Kenya: Education is everything
08 December 2008

For refugee children in Nairobi, it is hard to find access to education. (Peter Balleis SJ/JRS)
“Education is everything for me. It is the basic thing one really needs to survive. It is what helps you become self-reliable. It is the knowledge of how to apply your knowledge at a particular time. We really need education.”
Nairobi, 8 December 2008 – Armel* was 13 years old when he first came to Kenya in 2001, fleeing the war in the Democratic Republic of Congo (DRC) with his sister and his elder brother. 

For the first two months they found accommodation with a distant relative. Then the UN refugee agency (UNHCR) rejected their registration in Nairobi and gave them a movement pass to Kakuma refugee camp in north-west Kenya. 

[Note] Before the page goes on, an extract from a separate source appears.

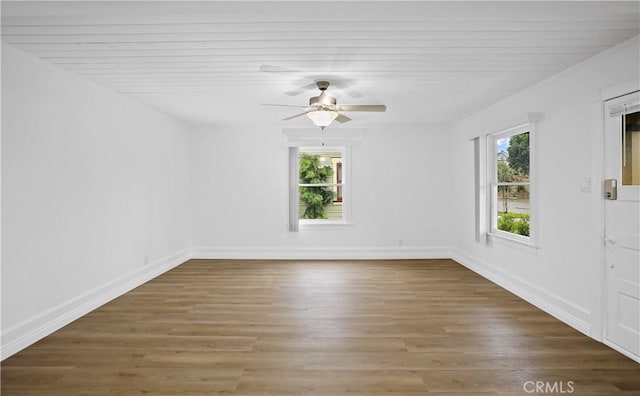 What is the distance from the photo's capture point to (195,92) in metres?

Armel’s sister was ill and returned to DRC while Armel and his brother decided to stay. Together, they managed to find a small house but, as Amel recalls, “we gave up somehow”. 

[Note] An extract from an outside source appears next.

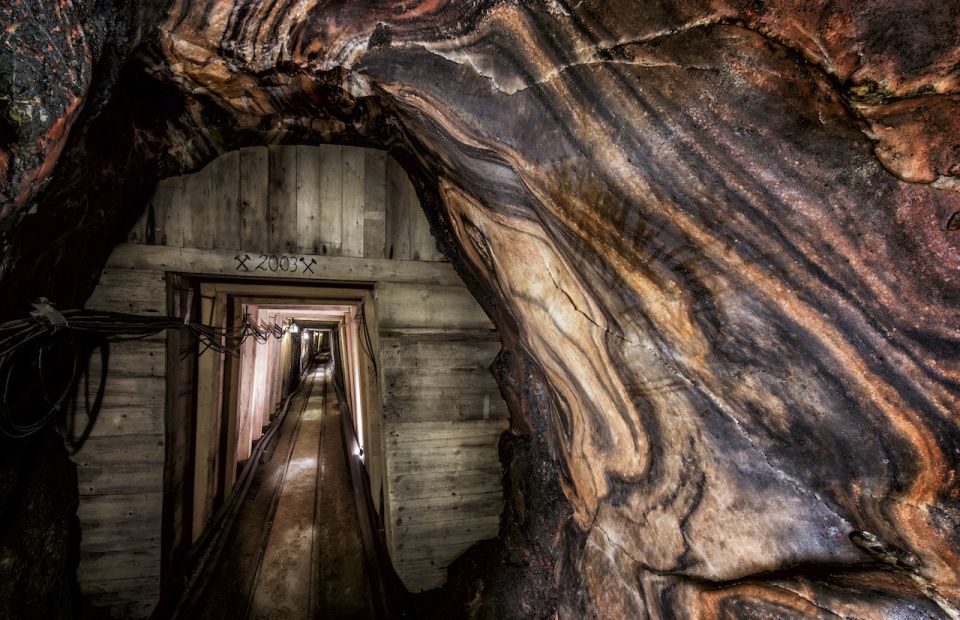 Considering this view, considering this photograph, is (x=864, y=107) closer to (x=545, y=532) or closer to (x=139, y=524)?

Pursuing education with no registration

Without registration it was difficult to find support. However, Amel managed to continue his primary and secondary education and soon joined the scouts. Through them he first came to know JRS who supports their activities and had asked them for help during World Refugee Day. 

Two years ago when Armel was about to complete his secondary education he had difficulties in paying the exam registration fees and travel costs to sit his final exams which, at that time, were only offered in Tanzania. 

His headmaster wrote a letter and sent him to JRS. He explained his situation, saying he needed USD290 to register for the exams. “I had nothing,” Armel remembers, “but when I got USD100 from JRS it gave me hope.” 

Determined to sit the exams

He had already missed the first exam and was late for the second. He had to borrow money to pay for the travel and he did not have any travel documents. Still, he was determined to go and in an adventurous and risky travel with an uncertain outcome, he managed to arrive in Dar-es-Salaam the evening before the exams took place. 

He passed as the 5th best. “If I had to share an experience in my life, it is this”, he says. But he has still not received his certificate because until today he was not able to pay the full amount of registration fees. “I thank JRS because this money allowed me to sit the exams”, he says today.

Still without refugee registration, he had difficulties in finding access to schools but somehow managed to start studies in telecommunications. In 2006, Armel was officially registrated by the Kenyan government and is now waiting to receive his ID card which will allow him full access to schools and other public places. 

“I hope they don’t tell me to come next year because I really need it“, he says after authorities refused to give the card to his brother while he was doing community services with the scouts. 

Education is everything

He would like to continue his studies in telecommunications and go for an advanced diploma. To make some money he teaches French whenever possible. It is only one of the six languages he speaks. 

In September he raised some money which he invested in computer lessons but they will be finished soon. Meanwhile he is the leader of a group of 70 scouts.

Today he is happy to stay in Kenya. “It’s a good country,” he says. Asked what education means to him he explains: “Education is everything for me. It is the basic thing one really needs to survive. It is what helps you become self-reliable. It is the knowledge of how to apply your knowledge at a particular time. We really need education.”